A kick in the ass is a step forward, or so they say. I’ve received my share of boots to the behind and, sgthartman.jpgfrankly, am better off for it. Sure, I’d probably be less grizzled and insensitive had I been hugged more. But resilience is a necessity that nurture is not. At least, in animals.

Being raised in an alcoholic home, one learns to survive. The absence of attaboys and weepy parental pep talks did not enhance my people skills, but rolling with the punches became a specialty of mine. Of course, the callouses on my soul have a down side. Ever try snuggling with a porcupine?
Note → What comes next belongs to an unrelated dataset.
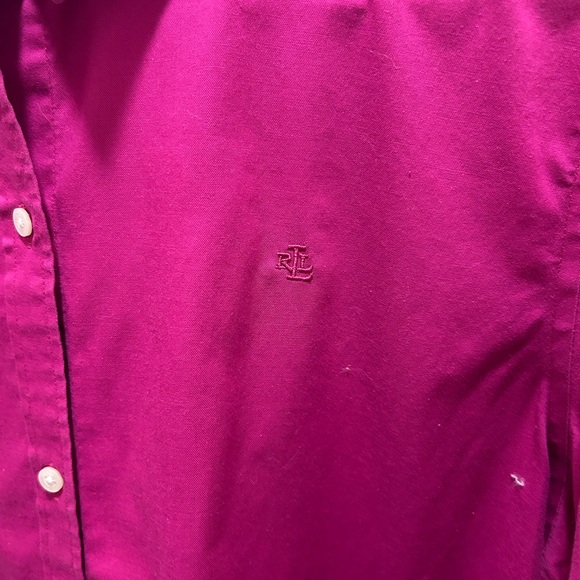 Lauren Ralph Lauren non-iron cotton button-down shirt - Picture 3 of 8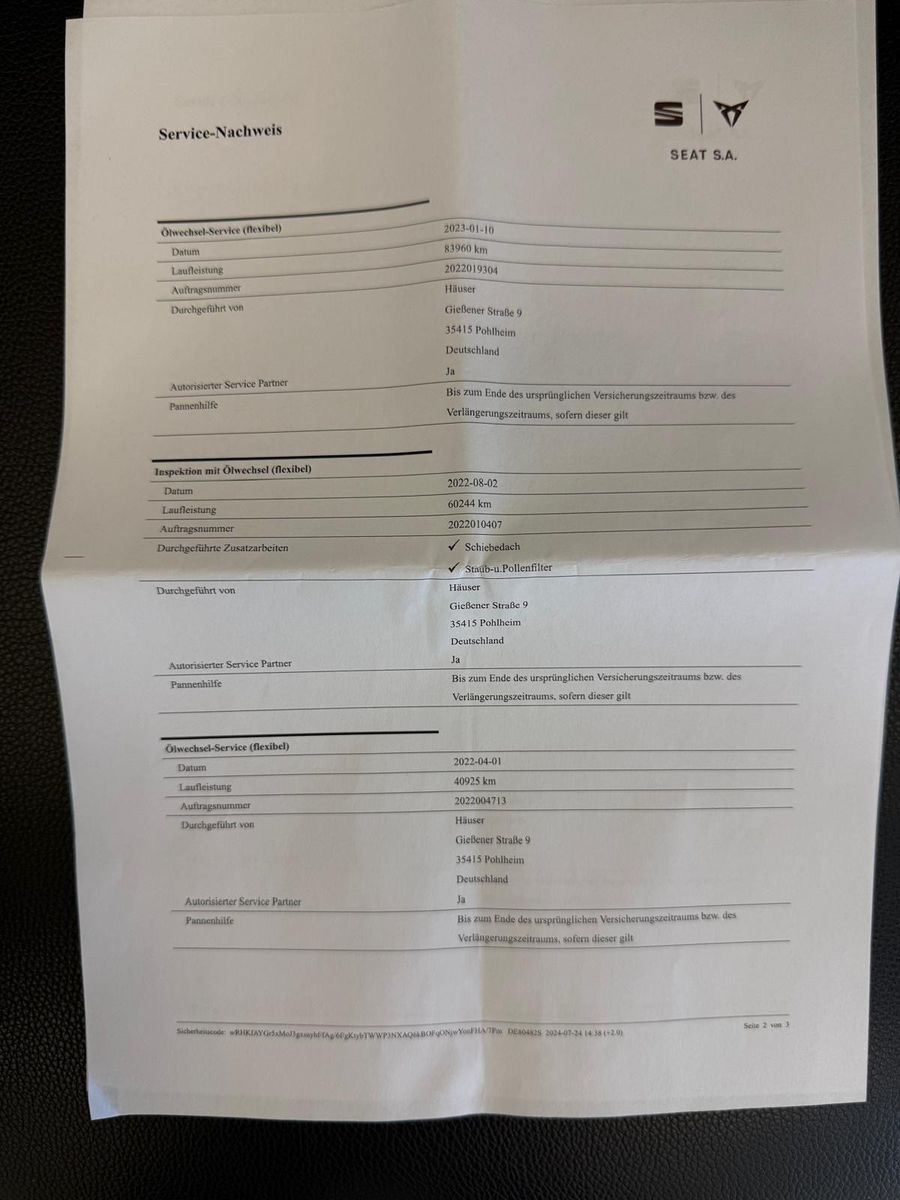 Fahrzeugabbildung SEAT Tarraco Xcellence/ PANORAMA/LEDER/AHK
There are multiple personality types, I am told, and a significant amount of phobias and disorders to go with them. But to me, there are only two types of people: The weak and the strong. As one who’s learned to eschew empathy, I have, conversely, struggled to give it. Thus, I am less likely to dispense warmth and compassion than I am to tell someone to simply “Buck up!”

So we were shopping the other day and encountered two gals with a large sign:

    Free Hugs!

It’s part of the Free Hugs Campaign, a group that travels round the world dispensing affection. And sure enough, someone in our group rushed over for the obligatory embrace. Everyone applauded. I sneered. The thought of being squeezed by a stranger does not appeal to me. I’ve survived this long with minimal hugging and doubt that some nameless schmoe (or in this case, schmoe-ette) on a sidewalk in a busy marketplace will sufficiently alter my psychological malfunction. But the fact that Free Hugs exists and that people want them is indicative, alas, that the weak survive.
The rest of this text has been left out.